The One About Friend Grief (part 1)
This is the fun part, before the fallout.
(Consider this the first installment in a longer series of me reminiscing on a cluster of relationships I’m trying to unpack.)
The first time I fell in love in earnest, it was with five people at once. They were all guys, all two or three years my senior. All but one grew up in the same town and went to the same high school before attending the same college together up in Erie, Pennsylvania, where it was often so snowy and depressing there was nothing to do but sit in your apartment drinking and smoking and spinning records.
At the heart of our incestuous friendship/love/lust mythology was an apartment we simply referred to as “632,” a short walk away from our college campus. I have probably written about this before — it’s holy ground. Entire versions of me lived and died within those walls. And, like I already said, this was the setting where I first fell in love. With five guys at once, because I’m a masochist.

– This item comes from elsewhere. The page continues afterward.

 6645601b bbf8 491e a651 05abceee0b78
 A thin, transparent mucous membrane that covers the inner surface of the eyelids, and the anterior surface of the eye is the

The first time I visited 632 was in the fall of 2013. Temperatures were dropping, but the oppressive Erie winter hadn’t yet set in. B poured me a solo cup of Vlad and Mountain Dew, and the rest of the guys scolded him for starting me off with such a stiff drink. I winced and pretended to like it.
For the first half of the night, there were only four of us in the apartment: B, N, M, and I. N was my boyfriend at the time, and M was his roommate. They lived in the dorm across the hall from me and had been dying to introduce me to the larger group. It was a lot of pressure: I knew N had already been talking about me, first as the Chick He Was Hooking Up With and then as The Girlfriend, and there was a sense of needing to live up to the impression he’d given his friends of me, and to gel with the impression he’d given me of them. I knew that B and his roommates liked to party and hook up with girls, and I knew those girls were conventionally attractive and athletic and out of my league. I felt childish, unfeminine, the opposite of a “catch,” wearing jeans my mom bought me and a purple zip-up. In fact, I remember standing outside the front door shivering, hands in my pockets, thinking I was about to embarrass myself, that I’d made a terrible mistake in tagging along.
But by the time B’s other roommates returned to the apartment, I had gotten my bearings. You could say I was feeling socially lubricated. I met L, who was on the college swim team and reminded me of Gordo from Lizzie McGuire, and J, the designated Guy Who Is Really Into Weed and the only one who went to a different high school. We spun Daft Punk’s Random Access Memories (sound of the summer!) and drank some more. I got whiny and started begging L for pretzels he was eating out of one of those plastic bargain containers, and he obliged with an annoyance I understood as playful, maybe flirtatious. I started making out with N and climbed into his lap and he promptly scolded me for being messy-drunk in front of his friends. I didn’t care, though. Any self-consciousness I felt was eclipsed by the prospect of being seen and heard and paid attention to, charming and being charmed all at once, pitied and doted on and lightly chided. I didn't care about the specifics. I was burning hot. All of it was a relief.
A few hours later, we called it a night. N and M herded me out the front door of 632, down the stairs, away from the apartment complex. Drunk on a combination of vodka, Mountain Dew, and male attention, I was spinning around on a patch of grass next to the parking lot, wiping my nose with the back of my purple sleeve. I’m sure N and M were embarrassed by me, but I wasn’t capable of realizing this. I was at a 10. The cold air was invigorating. I felt so fucking alive.
I think of this moment as the instant the “Core 5” came into focus for me as a friend group. Suffice it to say, I hadn’t been extremely popular in high school. I always had good friends, always had a boyfriend but had developed this sense of being an acquired taste, kind of scrappy. The girl you really liked but were embarrassed to admit it. The friend who was fun one-on-one but who couldn’t hang. One of my best friends was a guy I crushed on hopelessly but who would ditch me for who he casually referred to as his “mainstream friends.” Over the years, I developed the kind of idealistic desires that are deeply uncool to speak aloud: to be popular, to be admired without hesitation, to be “chosen first” by the objects of your desire. It felt like a great injustice that I wasn’t the girl everyone wanted to get to know, the main character of the movie. I wasn’t in high school anymore, but I was still holding out hope that I could obtain that kind of attention and adoration and be made whole by it. And now, just a few months into my college career, here it was: a lifetime of love and attention cascading in front of me like a holy prophecy.
It was so nice to finally be real.
I couldn’t wait to drink with them again.